自社の置かれている状態によってもその理解は様々かもしれません。例えば、自社の業種・業態はどのようなものか、顧客は企業(BtoB)なのか一般消費者(BtoC)なのかによっても、イメージは様々だと思います。

基本的には、自社が売上や収益の拡大に向けた「価格」を含んだ議論を行う際、解決すべき課題に応じた社内での共通認識があれば良い話ですので、その切り口は様々で良いと思います。
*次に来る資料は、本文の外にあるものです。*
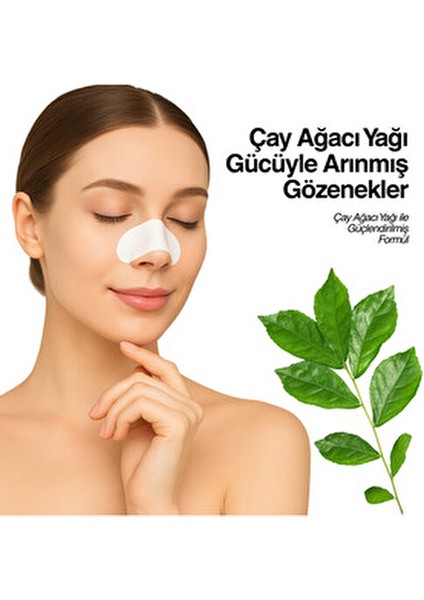 Siyah Nokta Plasteri 6 Adet Çay Ağacı Yağı İçerikli Yüz Bakım Ürünü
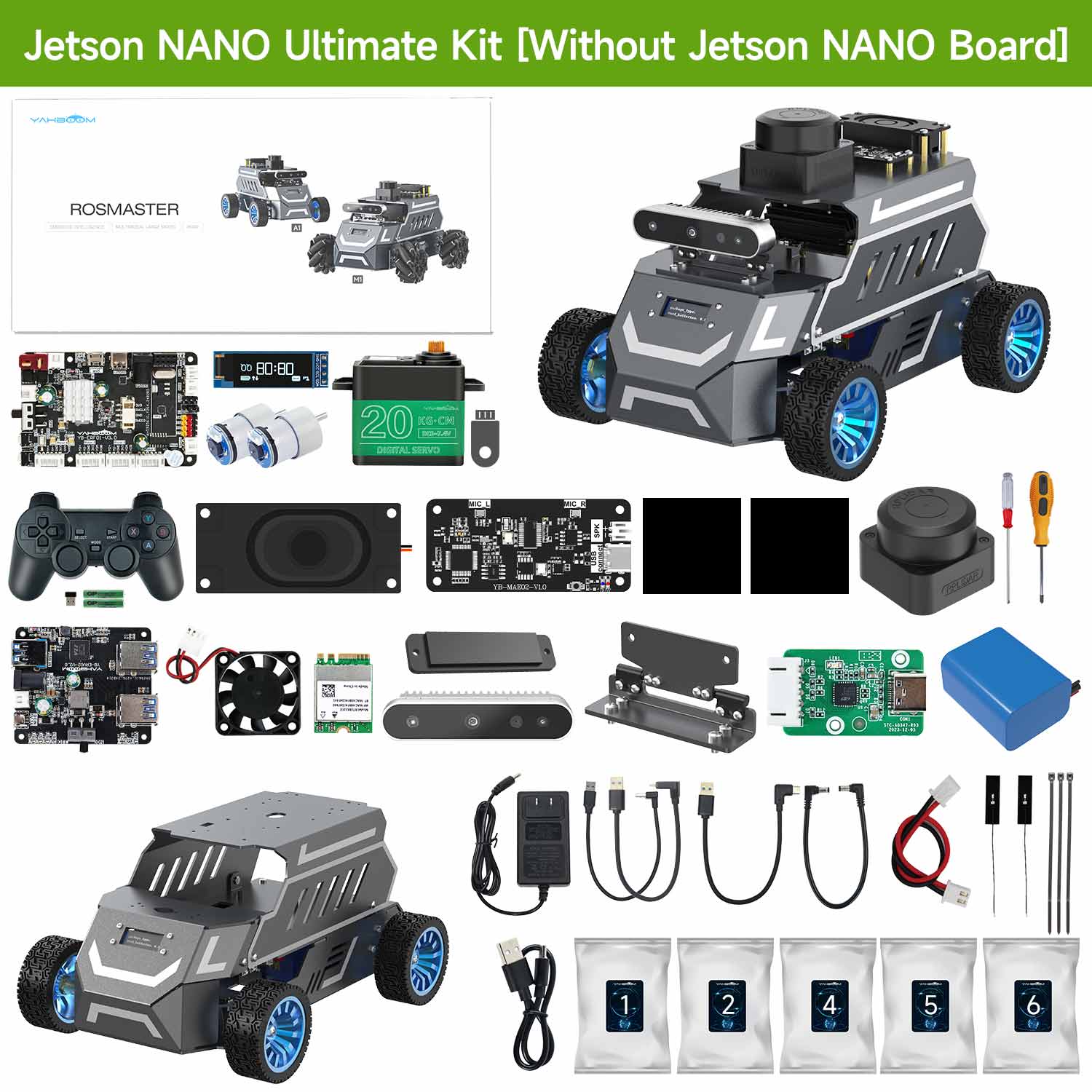 ROSMASTER A1 Ultimate Kit without Jetson nano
しかし、基本的な「価格」の階層は意識しておいたほうが良いでしょう。

理由は以下の2点です。

  • 議論のポイントが明確になる
  • 取り得る選択肢の幅が広がる、学習効果が高まる

ここでは、価格設計における階層(レイヤー)を3つに分けて整理してみたいと思います。
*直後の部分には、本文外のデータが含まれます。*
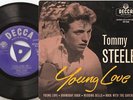 TOMMY STEEL & THE STEELMEN - YOUNG LOVE EP - 45+PS 1956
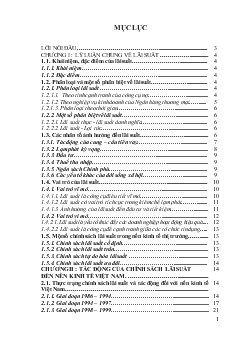 Đề tài Tác động của chính sách lói suất đến nền kinh tế Việt Nam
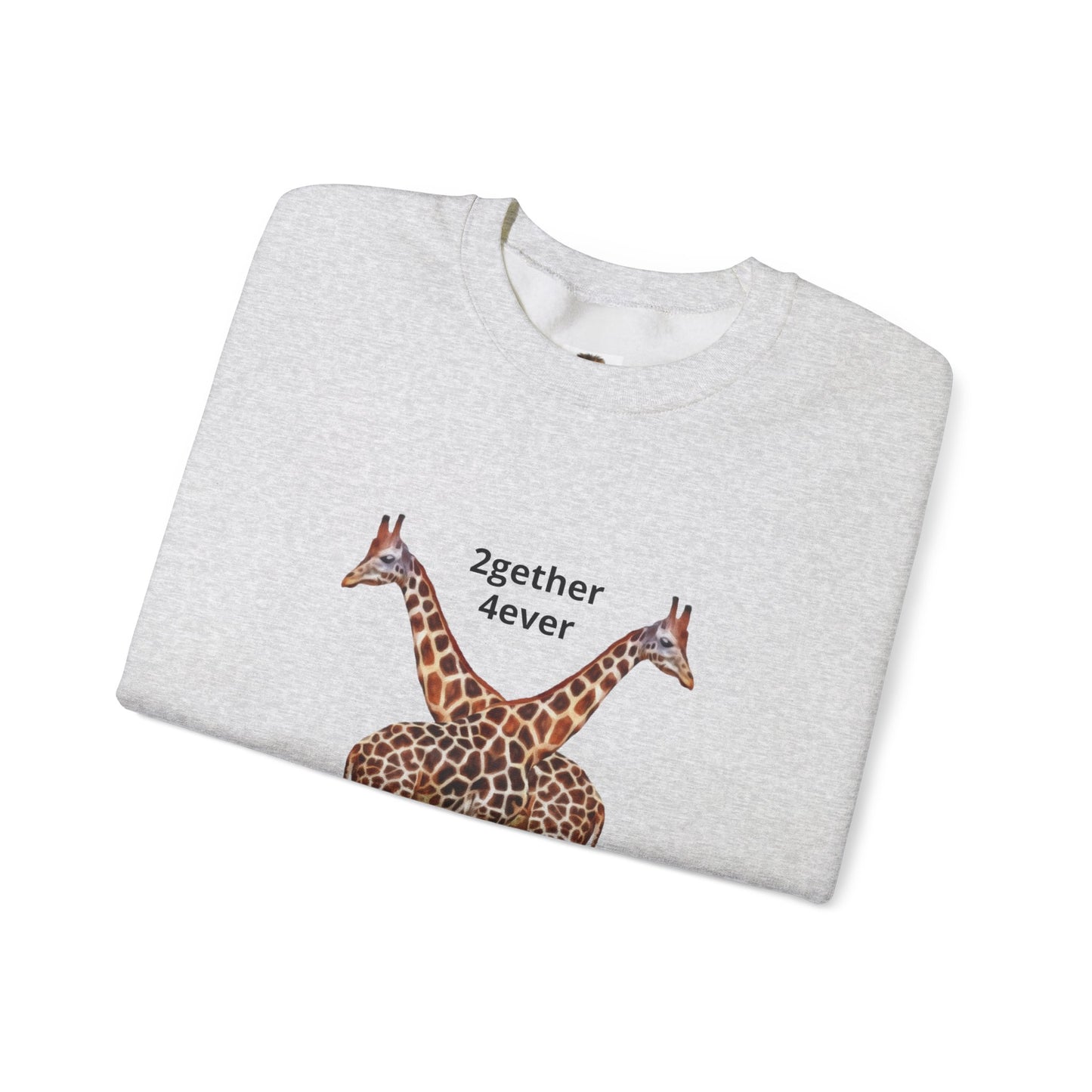 Giraffe Love Crewneck Sweatshirt for Animal Lovers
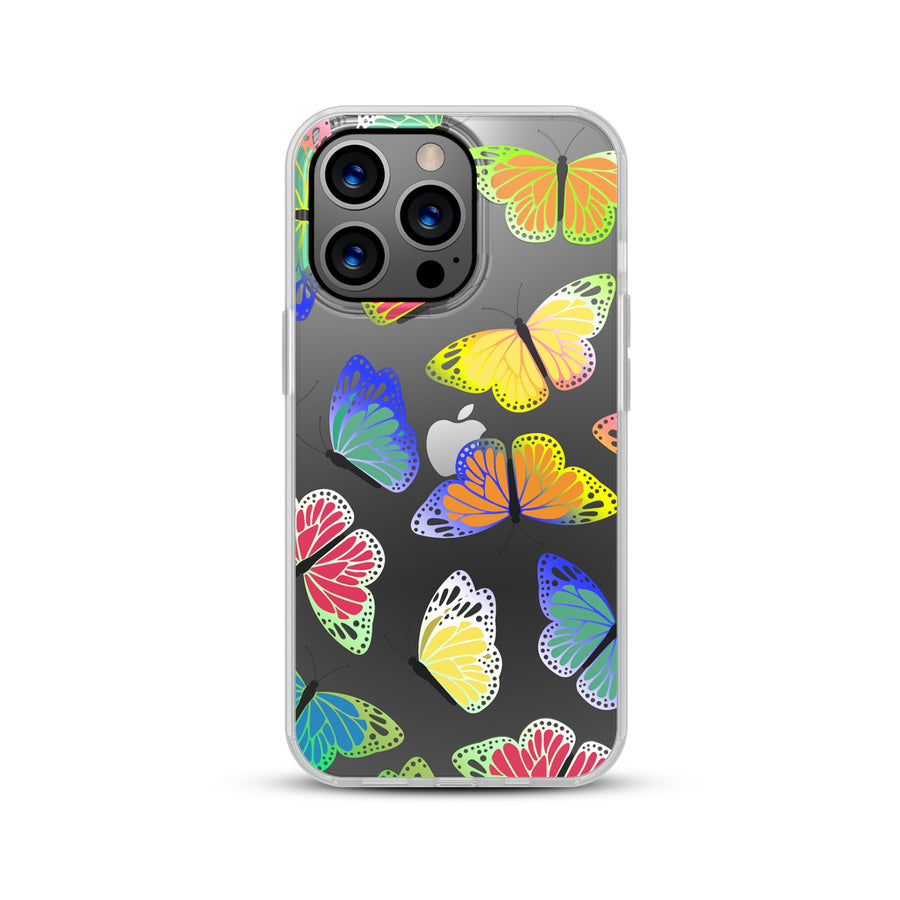 MyBat Pro Mood Series Case for Apple iPhone 13 Pro (6.1) - Neon Butterfies - RIP13PCSFSSM368-3.jpg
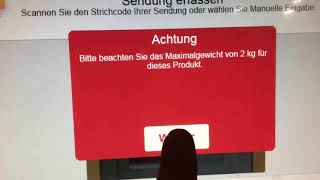 Paket Einlieferung in DHL Packstation mit BonusBriefmarkenautomat [upl. by Onibas582]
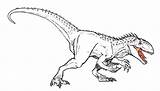 Jurassic Rex Coloring Indominus Dinosaur Tsgos sketch template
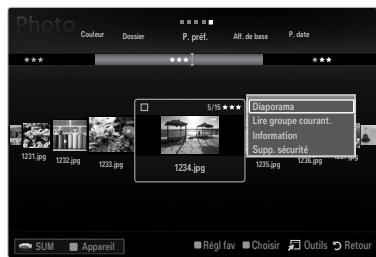 SAMSUNG LN40B610 - Lecture d'un diaporama - 1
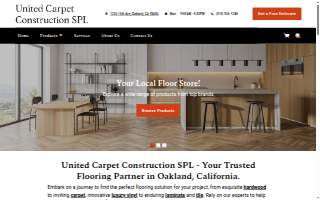 United Carpet Construction Spl website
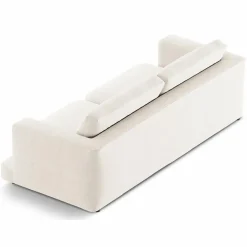 Canapé Daphne 4 Places Ivoire - 240x105x86 cm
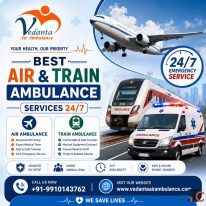 Choose Vedanta Air Ambulance Service in Guwahati with Medical Assistance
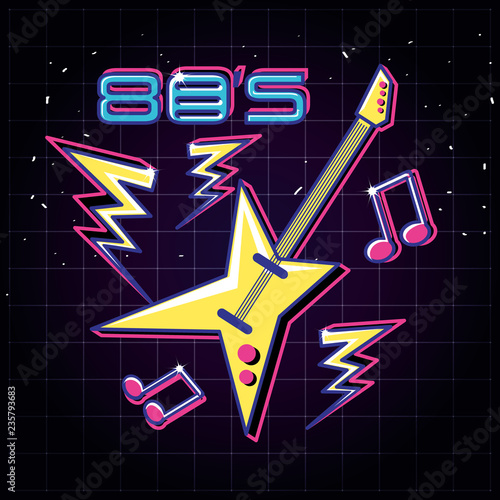electric guitar pop art style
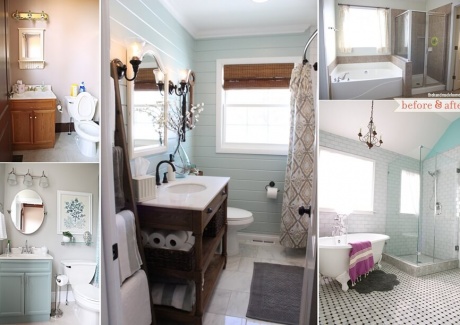 Over 20 Beautiful Before and After Bathroom Makeovers fi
なお、本ブログは「Pricing labo.」と、直訳すると「Pricing=値付け」というタイトルを付けていますが、本ブログで論じるプライシングの定義は、これから説明する階層全てに関する議論を含んでいるという理解で受け止めていただけると嬉しいです。

全業種・業態に共通する価格の3階層

前述のとおり、業種や業態、顧客種別等により、「価格戦略」「価格設計」「プライシング」の捉え方はそれぞれだと思います。
ただ、全ての事業者において、価格を考える際のその構造は、シンプルに以下図説の3つの階層に整理されます。

 

以下にそれぞれについて説明を加えます。

収益モデル

収益モデルは価格を考える上での最上位レイヤーで、ビジネスモデルと密接な関係があります。
提供価値の見返りとして誰から、どのような形態でお金をもらうのか、という概念を指しています。

例えば小売店における一般的な収益モデルは、顧客から商品代金を都度もらう、というシンプルなモデルです。
しかし、プロ野球球団であれば、観戦者からのチケットや物販収入に加えて、スポンサーからは年間のスポンサー収入も入ってきます。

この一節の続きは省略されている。